New York City’s jails have received much attention for their conditions and for their culture of violence. But stories like *Mike’s are rarely told.
At the age of 16, Mike was convicted of gun possession. The facts: He was part of a gang, one of whose members, after committing a crime that Mike had nothing to do with, gave Mike his gun. Mike had two parents and an older sister at home, and no criminal record, but was indicted for criminal possession of a weapon in the second degree and faced a possible sentence of 3½ to 15 years in upstate prison unless an appropriate alternative was available for him.
When he couldn’t make bail, Mike was held at the Horizon Juvenile Detention Center for 18 months, pending his conviction, until the judge in his case was convinced to release him into a program called Families Rising. This evidence-based alternative to incarceration works with youth and their families in their homes and communities, and has compiled an impressive track record since its inception four years ago.
Families Rising is based on a Functional Family Therapy (FFT) model. After seven months of intensive treatment where all family members attended every session, Mike was talking openly with his family and his parents had improved their ability to help him navigate the hazards of living in their high-risk community.

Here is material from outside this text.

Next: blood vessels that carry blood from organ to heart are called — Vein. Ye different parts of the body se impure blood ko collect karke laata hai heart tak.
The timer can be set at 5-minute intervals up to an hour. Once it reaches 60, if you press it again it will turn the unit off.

Mike graduated high school, had his sentence revised to youthful offender status and is currently enrolled in college. The cost of treating Mike and his family: $8,500. The cost of incarcerating him for a minimum of 3½ years: $576,000. Impact of youthful offender treatment: priceless. Without it, Mike would have a felony record, preventing him from voting, receiving money for college and making it extremely difficult to get a job and become a productive member of society.

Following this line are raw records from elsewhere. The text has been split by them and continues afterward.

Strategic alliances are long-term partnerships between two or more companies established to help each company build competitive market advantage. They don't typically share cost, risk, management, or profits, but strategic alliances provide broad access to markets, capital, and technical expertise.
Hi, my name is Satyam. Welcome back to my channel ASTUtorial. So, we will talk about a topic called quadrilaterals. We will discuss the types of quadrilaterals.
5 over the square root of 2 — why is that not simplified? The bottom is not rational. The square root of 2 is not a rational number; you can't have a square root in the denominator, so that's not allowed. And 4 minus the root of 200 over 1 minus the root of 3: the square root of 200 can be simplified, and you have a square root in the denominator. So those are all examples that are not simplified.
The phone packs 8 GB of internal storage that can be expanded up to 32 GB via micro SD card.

The New York Foundling has been operating evidence-based FFT programs for adolescent offenders since 2007, with excellent results, reducing costs dramatically and producing far better outcomes. Over the past four years, these programs have expanded to include Families Rising, which focuses on older adolescents who appear before courts in the adult criminal justice system.

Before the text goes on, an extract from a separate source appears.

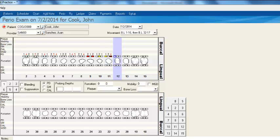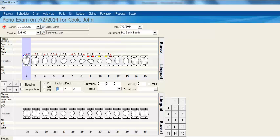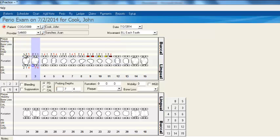If we choose a different movement — maybe recording each tooth by itself — and go back over here, you can see that we're now recording perio measurements tooth by tooth.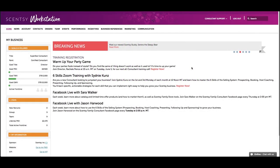Welcome to the Scentsy Party Page tutorial. In this video, you'll learn how to set up a party page, enter party orders, and apply host rewards and perpetual party rewards.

Since the program’s inception, 180 youth like Mike have completed FFT treatment with their families.
- Less than 25% were reincarcerated within 12 months, compared to a rearrest rate statewide that is normally nearly 50%,
- 98% of those who completed treatment avoided a criminal record,
- 95% of those who completed treatment avoided jail time,
- 73% met all their personal treatment goals.
Consider the implications. How many future crimes are not being committed? How many lives are being saved? How many young people will become productive citizens rather than career criminals? And all at a fraction of the cost of incarceration.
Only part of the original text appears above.